Designer Brands, Inc. is facing a proposed class action lawsuit over allegations the company illegally disclosed too much of customers’ credit and debit card information on receipts printed at its DSW stores.
According to the complaint, the lead plaintiff made a purchase from a DSW store in Pasadena, California and discovered that the defendant had printed the first six and last four digits of her credit card number on the receipt. The case claims DSW has a practice of printing 10 digits of customers’ card numbers on receipts at all of its stores across the United States, which exposes shoppers to an “elevated risk” of identity theft and fraud.

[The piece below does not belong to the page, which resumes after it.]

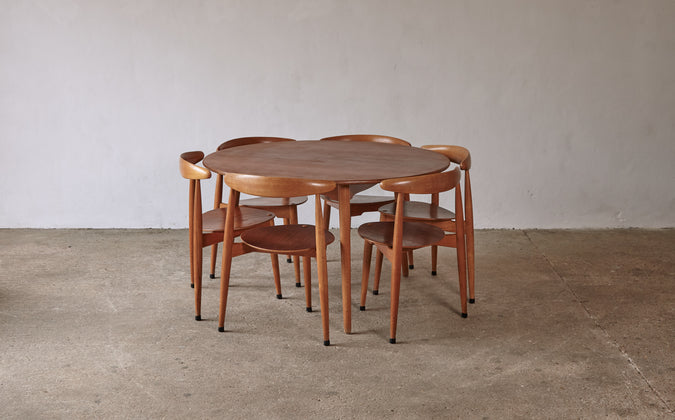 /products/hans-wegner-heart-dining-chairs-and-table-fritz-hansen-denmark-1950s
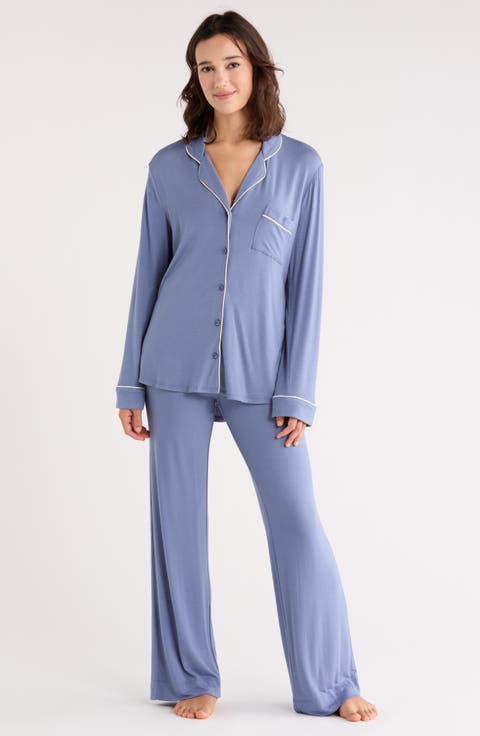Tranquility Long Sleeve Shirt & Pants Pajamas (Regular & Plus)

The Fair and Accurate Credit Transactions Act (FACTA) forbids businesses from printing more than the last five digits of customers’ credit or debit card numbers on receipts, the case explains. Many card-issuing organizations, such as Visa and MasterCard, have also published their own rules and guidelines that require merchants to truncate cardholder information on receipts in order to remain compliant with the FACTA, the suit states.
By including 10 digits of the plaintiff’s and similarly situated customers’ credit card numbers on receipts, DSW violated the FACTA and breached its agreements with credit card processing companies, according to the complaint. The case contends that although DSW was aware of FACTA’s requirements given the defendant has previously faced legal action over similar claims about its receipts, the company still failed to comply with the statute.
The lawsuit looks to represent all persons in the U.S. who engaged in at least one credit or debit card transaction at any of Designer Brands’ U.S. locations since September 24, 2019 during which the defendant provided a receipt that displayed more than the last five digits of the card number or expiration date. Originally filed in the Superior Court for the State of California, the case has since been removed to the U.S. District Court for the Central District of California.